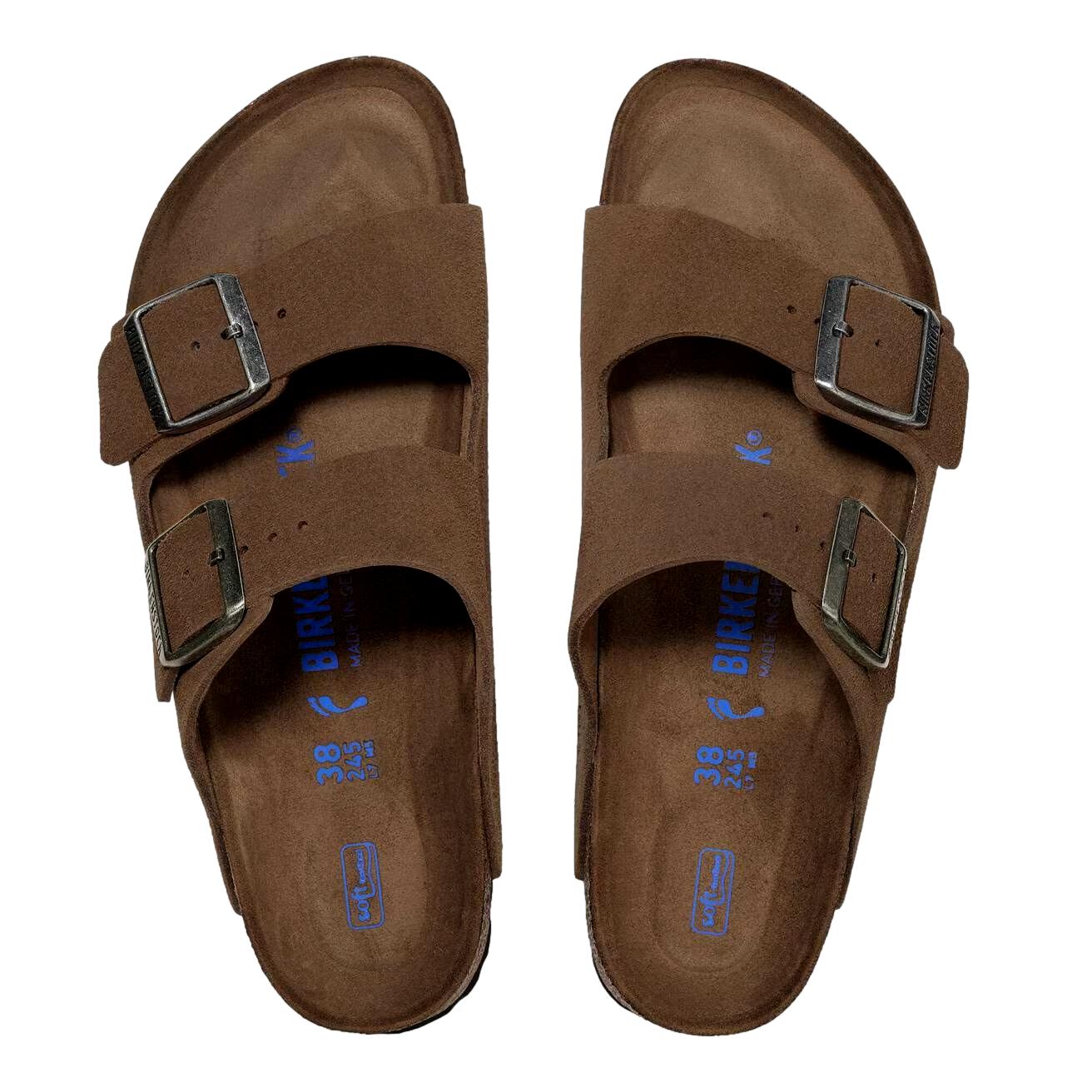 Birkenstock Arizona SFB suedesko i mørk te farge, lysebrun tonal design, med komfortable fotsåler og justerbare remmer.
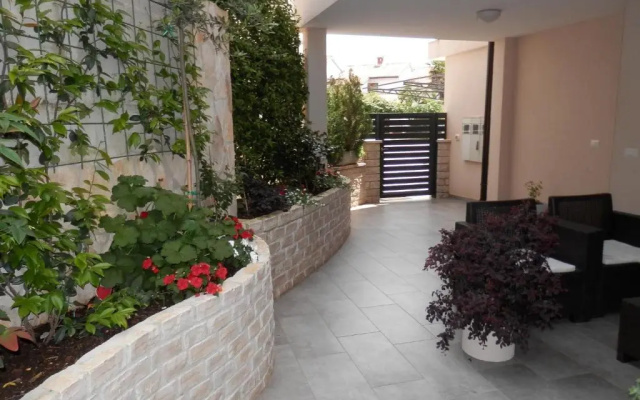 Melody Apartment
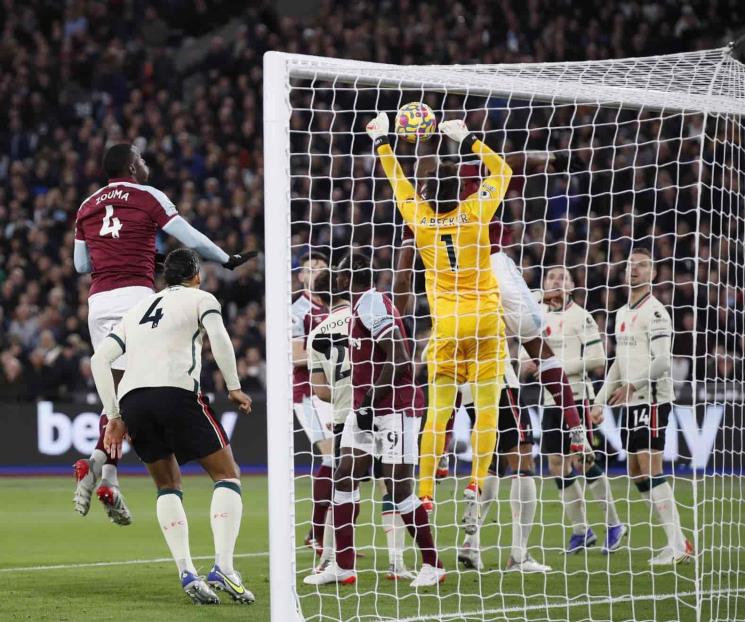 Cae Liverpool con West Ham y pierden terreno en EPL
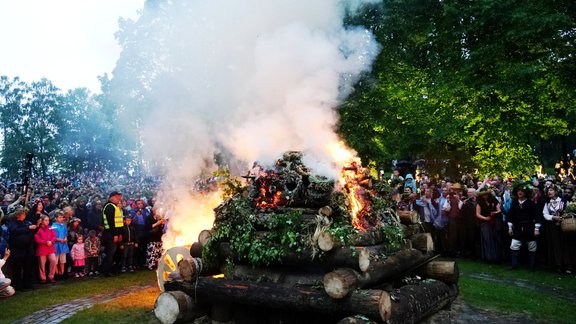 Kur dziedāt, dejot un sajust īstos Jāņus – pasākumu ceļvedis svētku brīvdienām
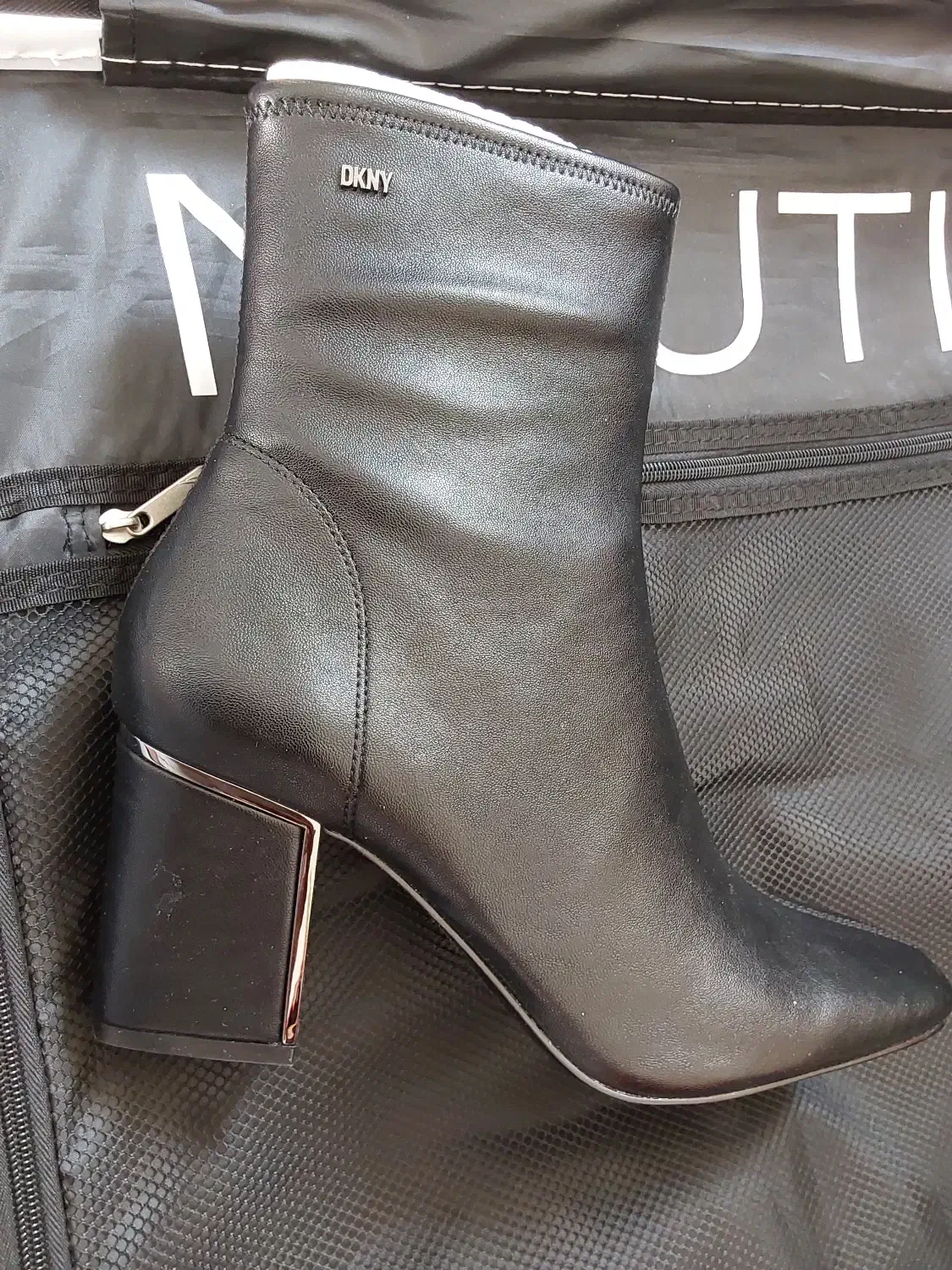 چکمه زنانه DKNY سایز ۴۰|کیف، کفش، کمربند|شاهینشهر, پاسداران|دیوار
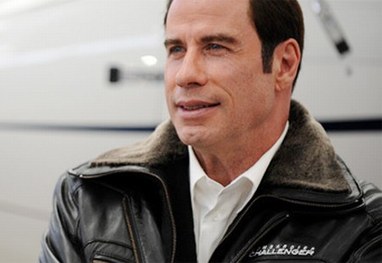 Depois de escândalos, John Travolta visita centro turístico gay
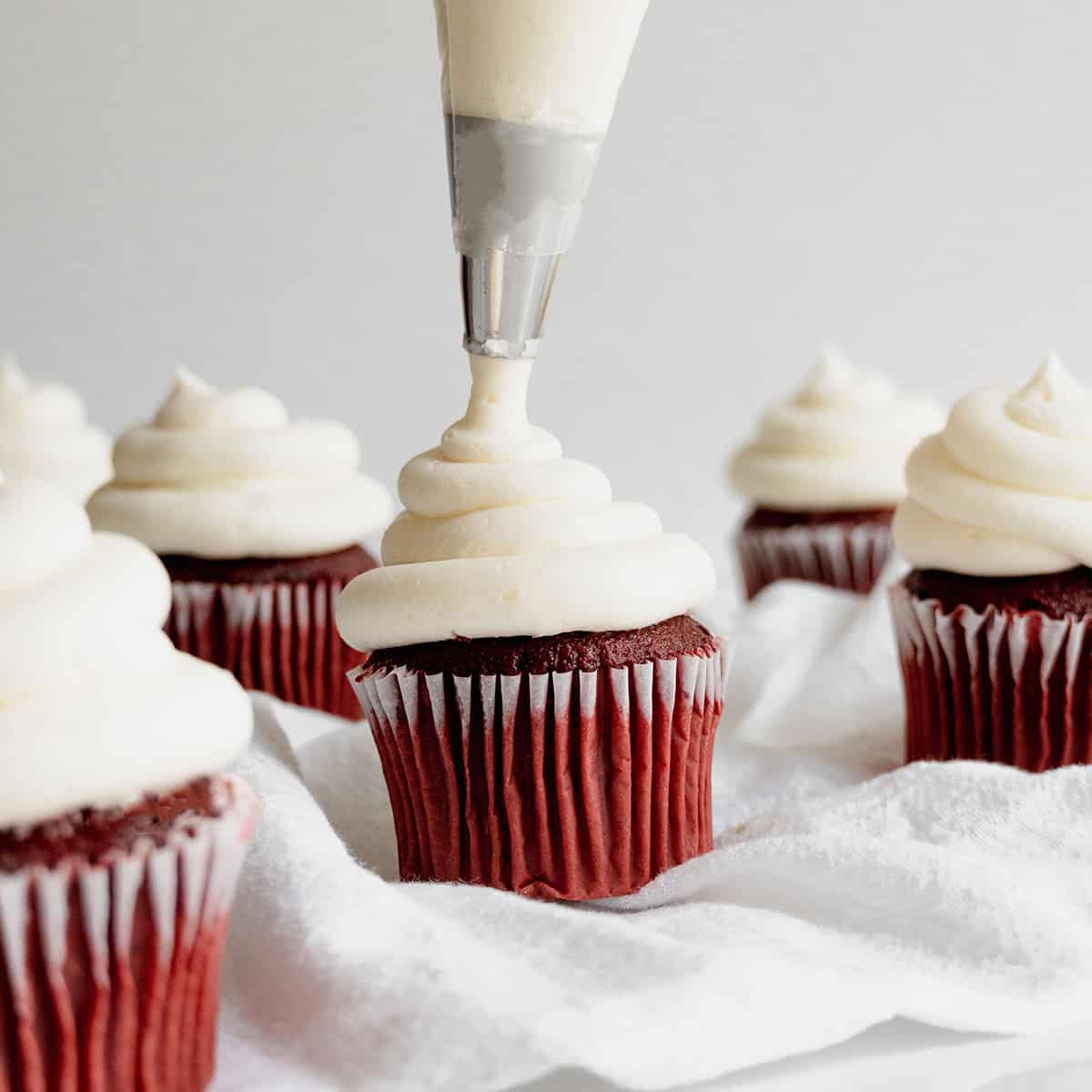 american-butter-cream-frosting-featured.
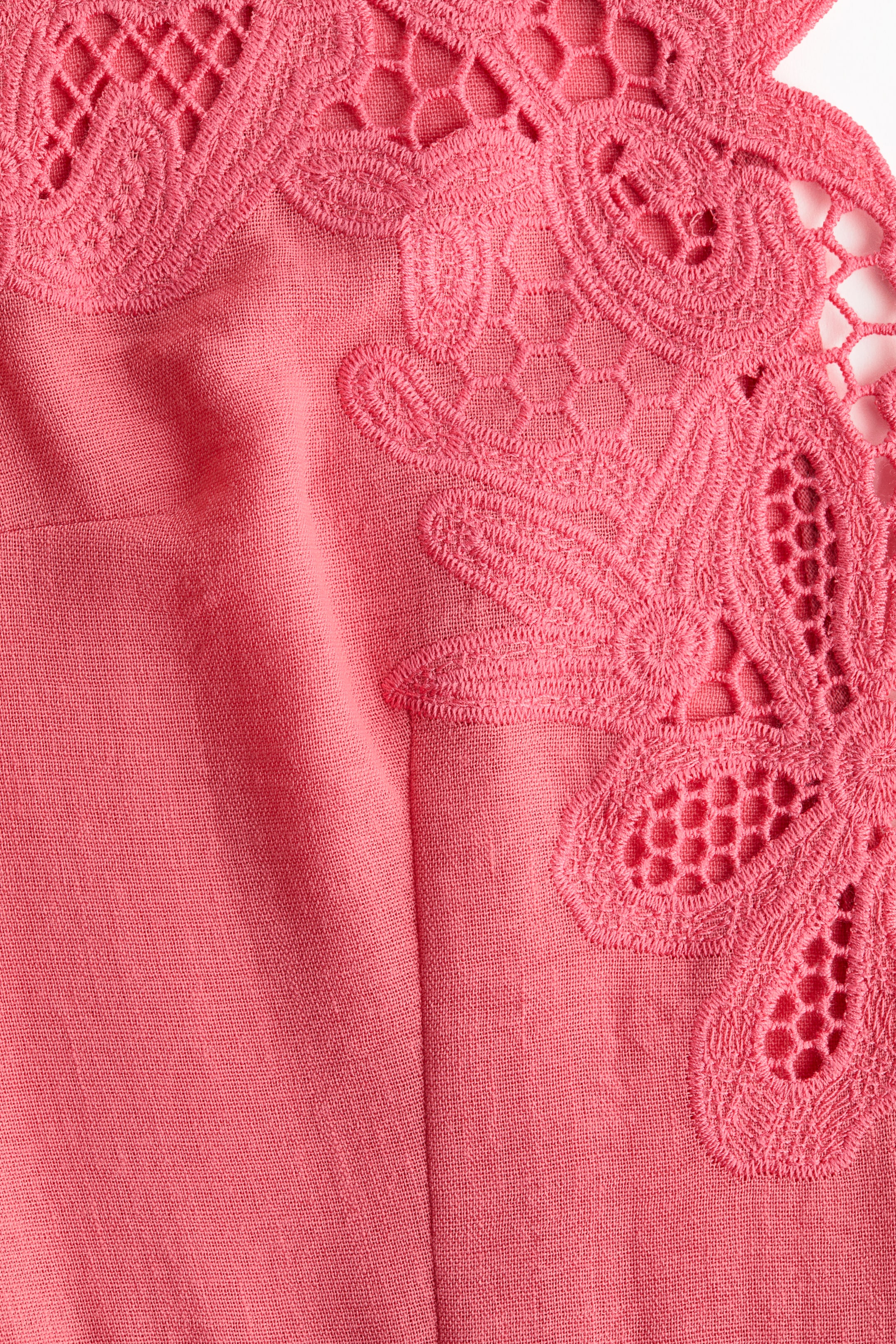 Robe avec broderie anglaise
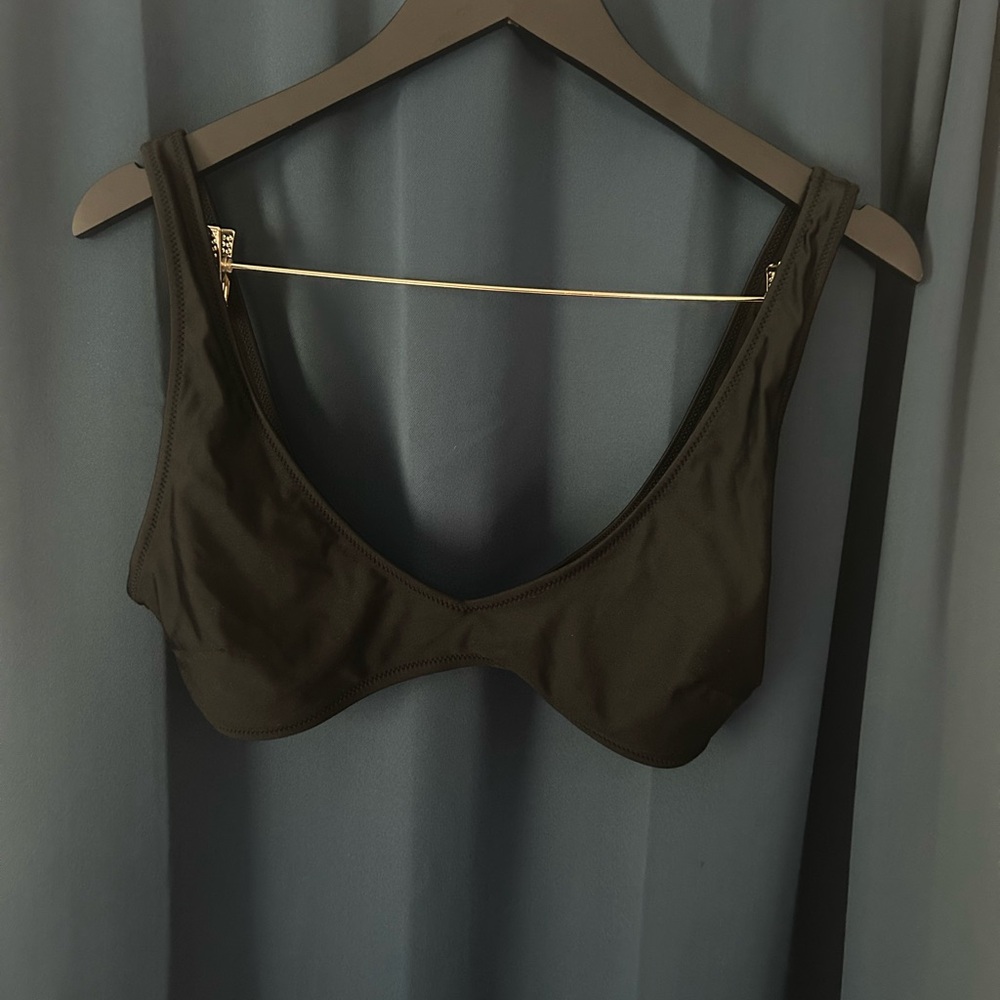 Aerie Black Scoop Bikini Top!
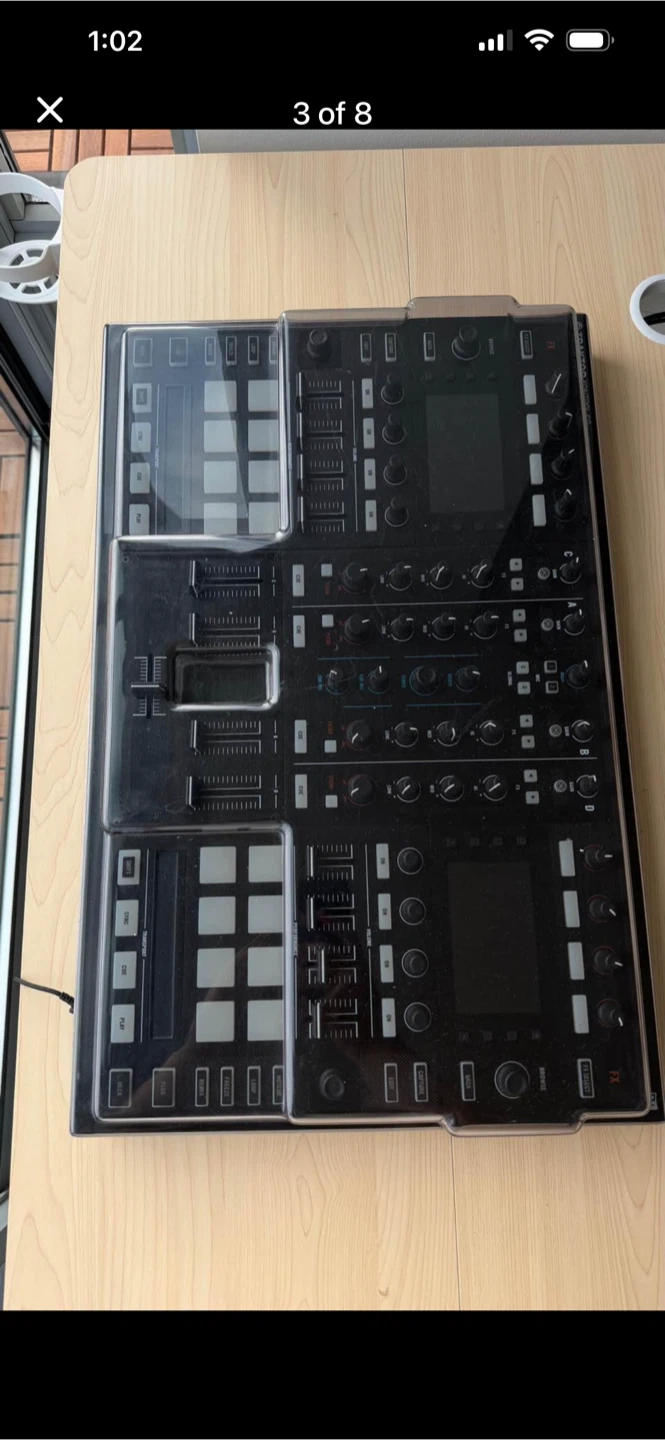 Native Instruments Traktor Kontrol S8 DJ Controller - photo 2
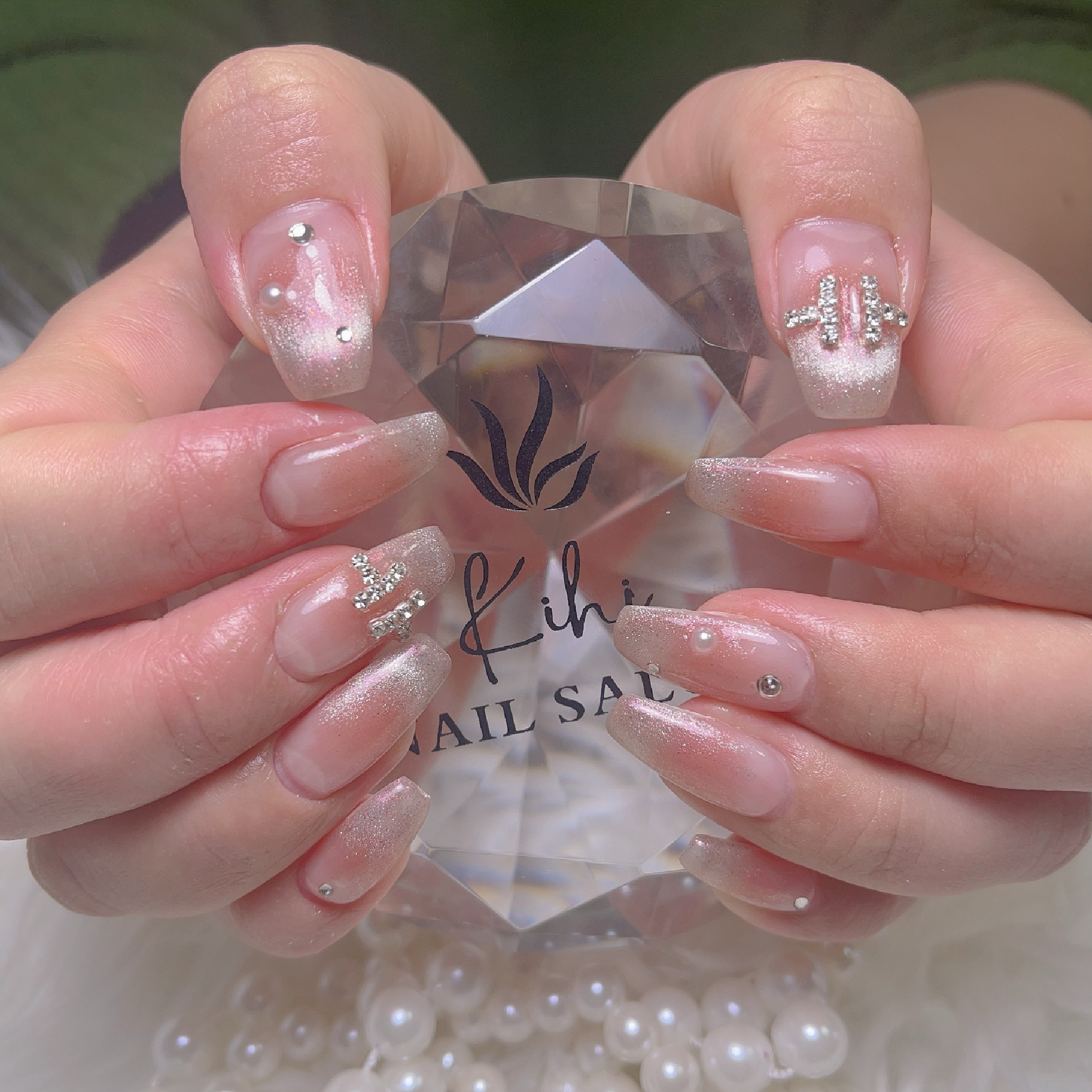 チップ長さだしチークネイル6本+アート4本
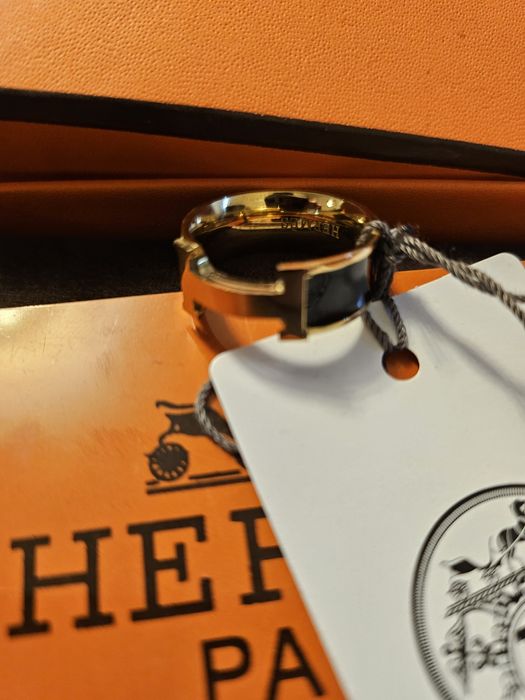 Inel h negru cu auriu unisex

- - - - -

Make an exact copy of the listing. Leave its pictures out.

> **RESPONSE AREA**
 Birkenstock Arizona SFB suedesko i mørk te farge, lysebrun tonal design, med komfortable fotsåler og justerbare remmer.
 Melody Apartment
 Cae Liverpool con West Ham y pierden terreno en EPL
 Kur dziedāt, dejot un sajust īstos Jāņus – pasākumu ceļvedis svētku brīvdienām
 چکمه زنانه DKNY سایز ۴۰|کیف، کفش، کمربند|شاهینشهر, پاسداران|دیوار
 Depois de escândalos, John Travolta visita centro turístico gay
 american-butter-cream-frosting-featured.
 Robe avec broderie anglaise
 Aerie Black Scoop Bikini Top!
 Native Instruments Traktor Kontrol S8 DJ Controller - photo 2
 チップ長さだしチークネイル6本+アート4本
 Inel h negru cu auriu unisex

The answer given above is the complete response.